═════ Dataset extract

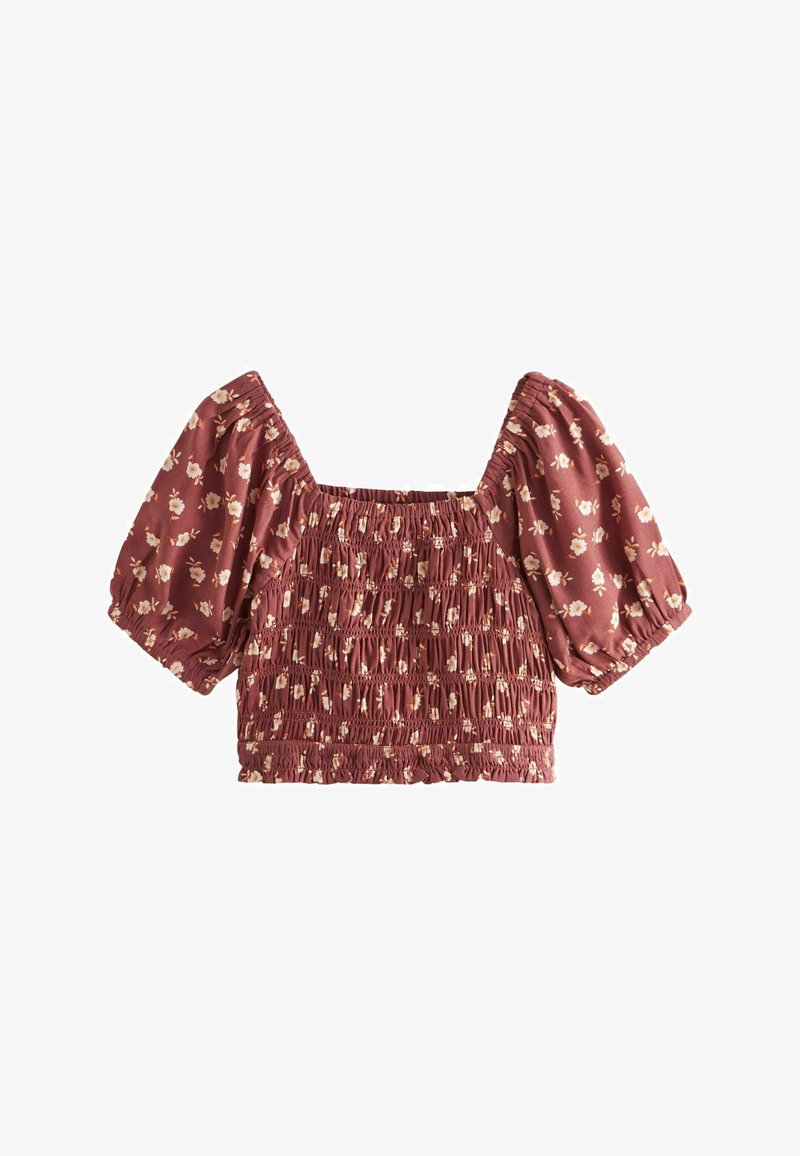 Bordeaux crop-top met pofmouwen en een gerimpelde corsage met florale print. De stof heeft een zachte textuur met een vierkante halslijn en elastische manchetten.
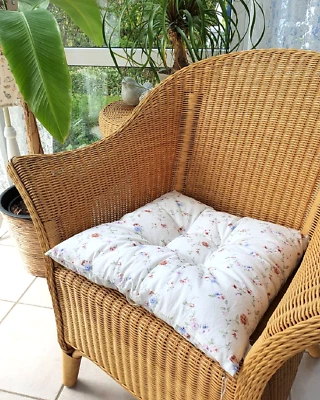 FEMME FACON Sitz-Kissen STUHLKISSEN WILDBLUMEN 45x45cm mehrfarbig Bio Baumwolle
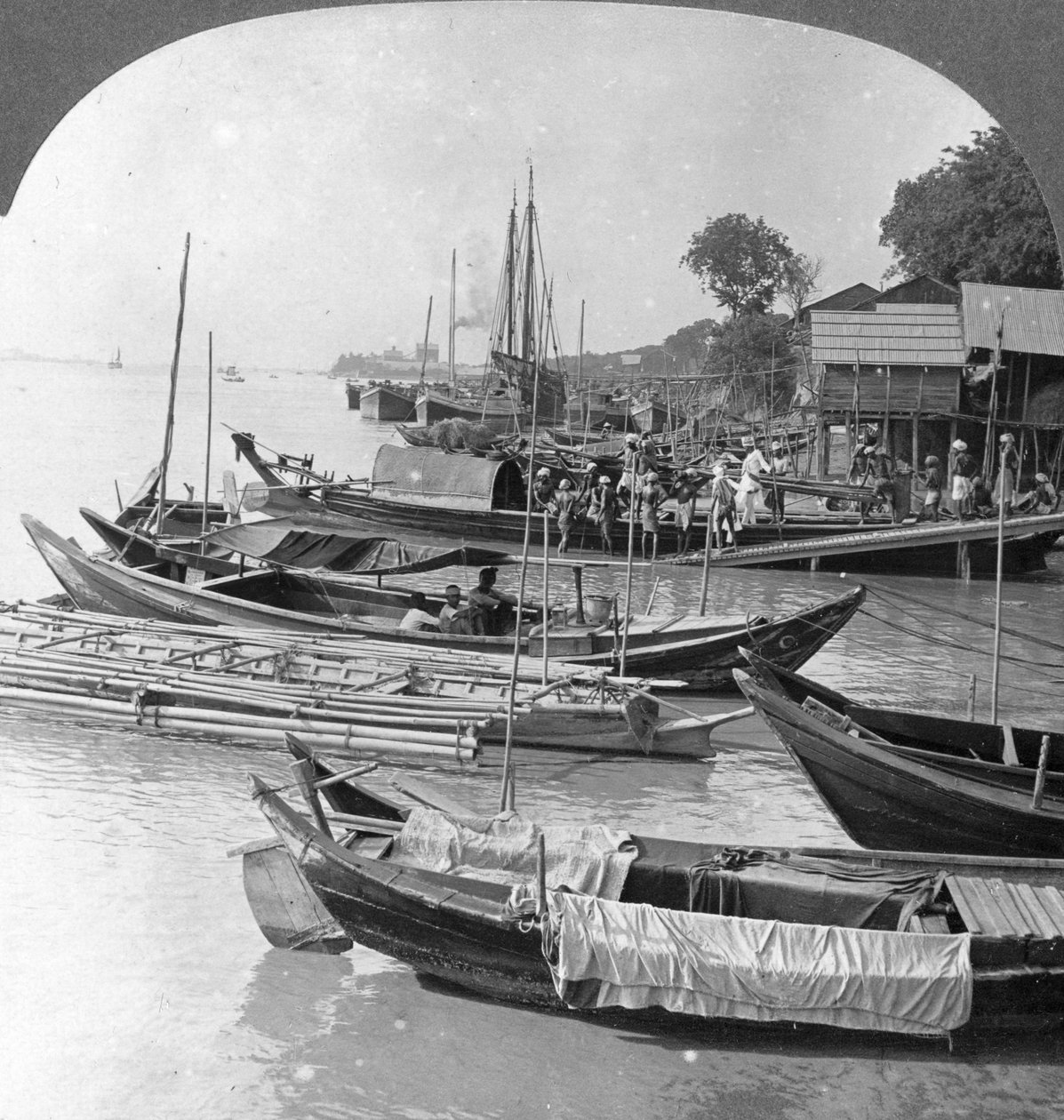 Looking up the Irrawaddy River, Rangoon, Burma, 1908 by Stereo Travel Co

══════════

Reproduce only the lines from the first line of the listing above up to and including the line that holds "FEMME FACON Sitz-Kissen". Omit the pictures.

* Written reply:
 Bordeaux crop-top met pofmouwen en een gerimpelde corsage met florale print. De stof heeft een zachte textuur met een vierkante halslijn en elastische manchetten.
 FEMME FACON Sitz-Kissen STUHLKISSEN WILDBLUMEN 45x45cm mehrfarbig Bio Baumwolle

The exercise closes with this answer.